On June 27, 2011, the U.S. Supreme Court decided United States v. Juvenile Male, No. 09-940, vacating as moot the Ninth Circuit's decision holding that the Sex Offender Registration and Notification Act (SORNA), 42 U. S. C. §16901 et seq., violates the Ex Post Facto Clause of the Constitution, Art. I, §9, cl. 3, when applied to juveniles adjudicated as delinquent before SORNA's enactment.
A Juvenile Male pleaded "true" to charges under the Federal Delinquency Act, 18 U.S.C. § 5031, that he had abused a younger child on an Indian reservation and was sentenced to two years of juvenile detention followed by juvenile detention until he was 21. While the Juvenile Male was in detention, Congress passed SORNA, which requires sex offenders (including juvenile offenders in some circumstances) to register in their local jurisdictions, and an Attorney General's interim rule extended those requirements to sex offenders convicted before SORNA's enactment. In subsequent court proceedings, the court imposed on the Juvenile Male a "special condition" requiring him to register and keep current as a sex offender until he turned 21. The Juvenile Male appealed the condition to the Ninth Circuit. While the appeal was pending, the Male turned 21, and the registration condition expired by its own terms. The Ninth Circuit subsequently issued a decision on the merits, which ruled the SORNA requirement unconstitutional under the Ex Post Facto clause but did not address mootness. The government petitioned for certiorari, and the Supreme Court certified a question to the Montana Supreme Court concerning the collateral consequences of the SORNA condition. The Montana Supreme Court replied that the Male's duty to register in Montana was independent of any conditions imposed by the federal court order.

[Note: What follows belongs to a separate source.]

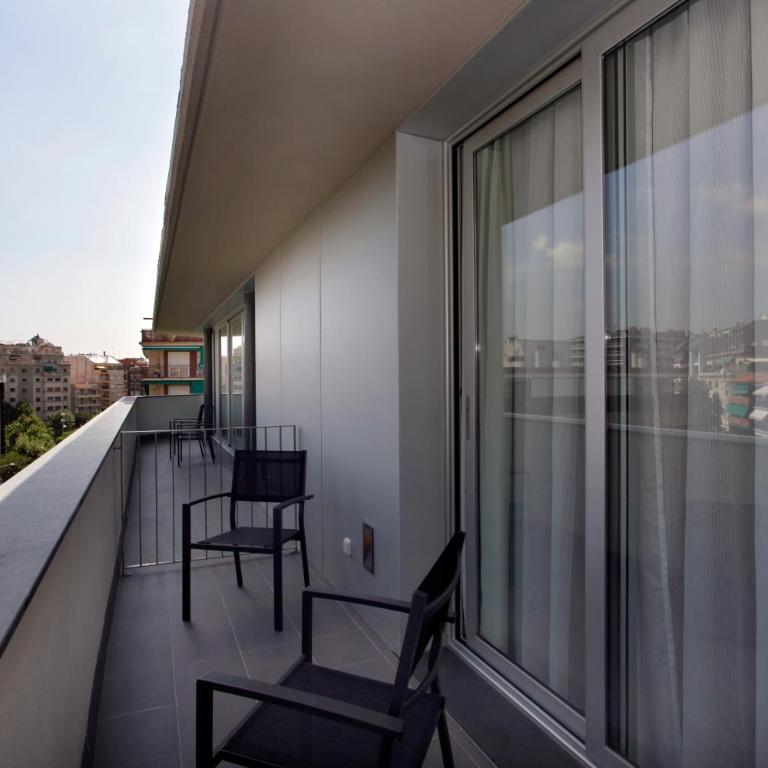 Fisa Rentals Les Corts Apartments - Deluxe One-Bedroom Apartment with Balcony - 18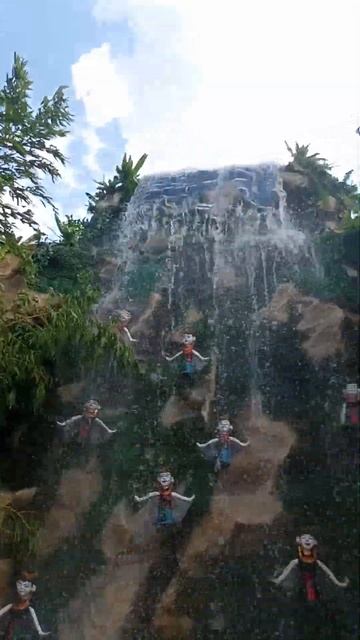 Москва манежная площадь водопад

Based on this set of circumstances, the Supreme Court vacated the Ninth Circuit's decision as moot and remanded for dismissal. The Court held that because the order at issue had expired, because the Male suffered no collateral consequences from the order, and because he would never again be subject to such an order, the Ninth Circuit had had no live controversy before it at the time of its decision. The circuit court thus lacked authority under Article III to decide the case on the merits.
The Court issued a per curiam decision in the case. Justices Ginsburg, Breyer, and Sotomayor would have remanded the case to the Ninth Circuit for that court's consideration of mootness in the first instance. Justice Kagan took no part in the consideration of the case.